Abstract: Particle formation and the design of solid particles and powdery composites with unique properties is at the moment one of major the developments of supercritical fluid (synonyms: dense gases, dense fluids, high pressure) applications. Conventional well-known processes for the particle-size redistribution of solid materials are crushing and grinding (which for some compounds are carried out at cryogenic temperatures), air micronization, sublimation, and recrystallization from solution. There are several problems associated with the above-mentioned processes. Some substances are unstable under conventional milling conditions, in recrysfallization processes the product is contaminated with solvent and waste solvent streams are produced.
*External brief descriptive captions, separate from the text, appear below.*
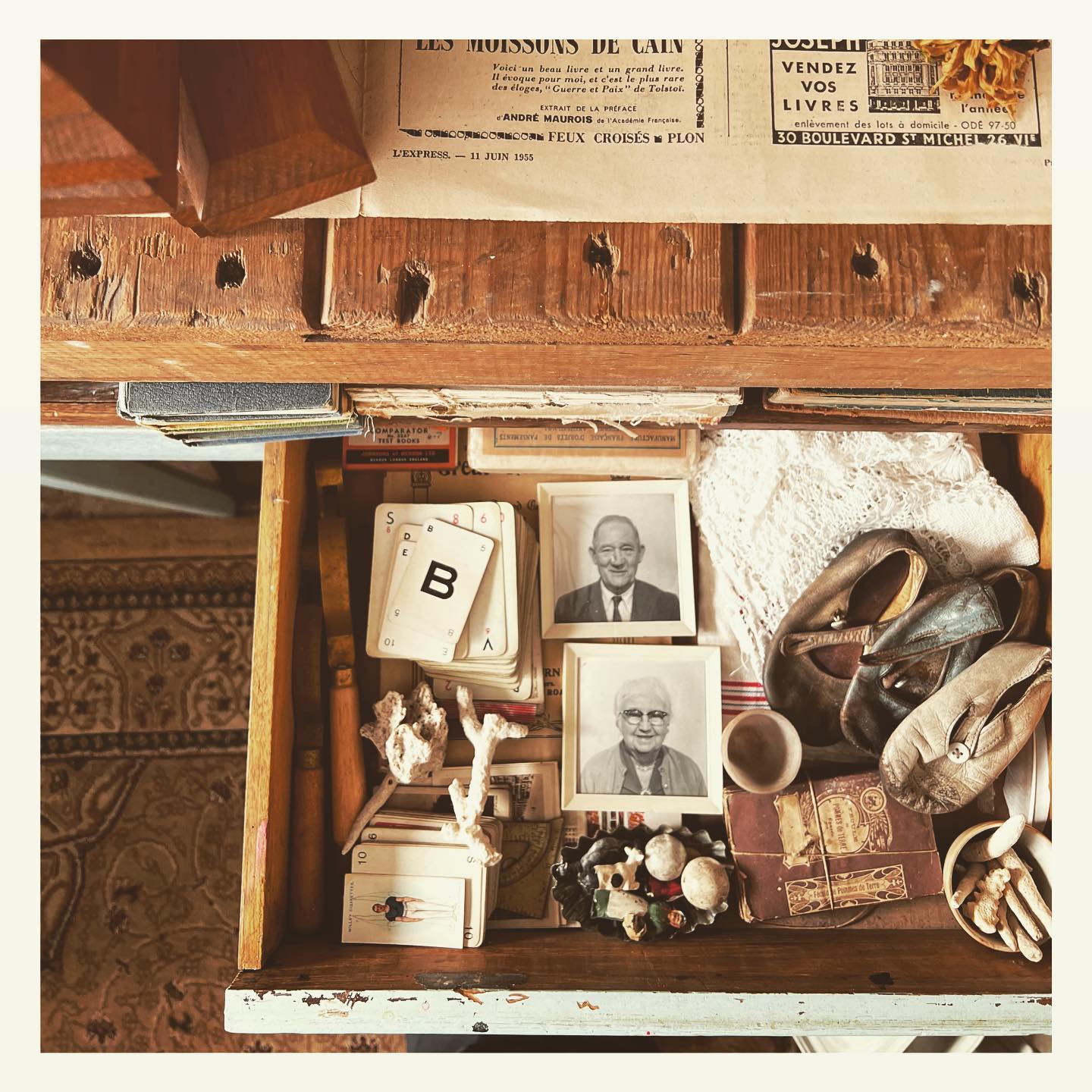 collection of vintage items arranged in an open drawer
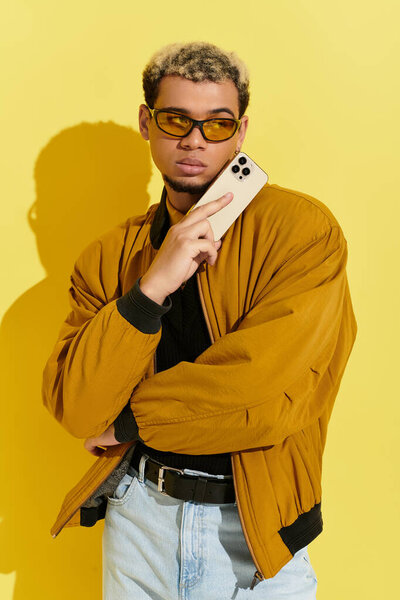 A young african american man stands confidently in a studio, showcasing a fashionable bomber jacket.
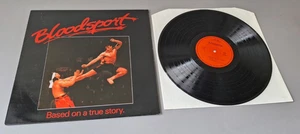 PAUL HERTZOG Soundtrack VAN DAMME original Vinyl LP BLOODSPORT (1990) - Imagen 1 de 2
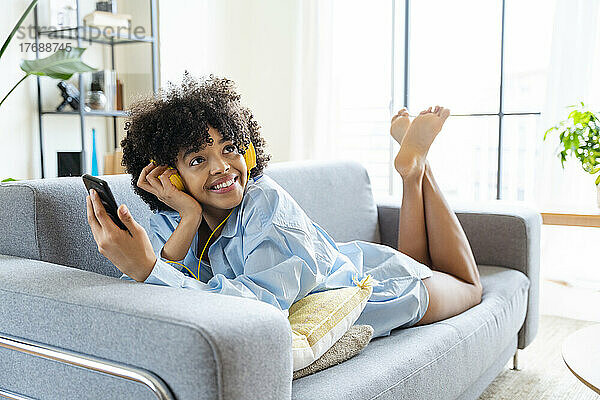 Schöne Frau mit Kopfhörern und Smartphone  die zu Hause auf dem Sofa liegt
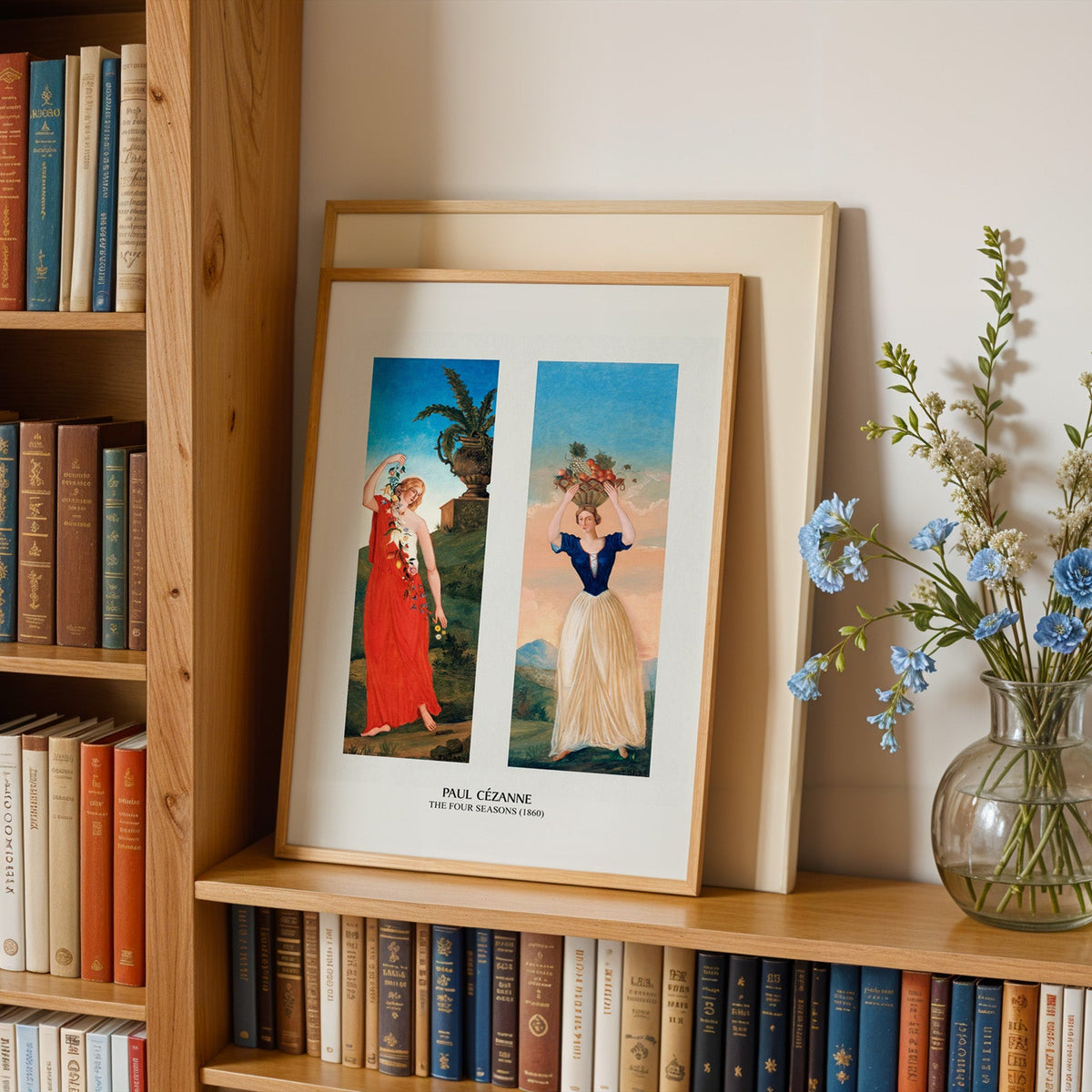 French figure painting print in an oak frame leaning on a bookshelf beside flowers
The application of supercritical fluids may overcome the drawbacks of conventional processes, and powders and composites with special characteristics can be produced. Several processes for the formation and design of solid particles using dense gases have been studied intensively. The unique thermodynamic and fluid-dynamic properties of supercritical fluids can also be used for the impregnation of solid particles, for the formation of solid powderous emulsions, particle coatings, e.g. for the formation of solids with unique properties for use in different applications. This review will focus on the fundamentals and on recent advances of particle formation and design processes using supercritical fluids on their applications and the technological advantages and disadvantages of various processes.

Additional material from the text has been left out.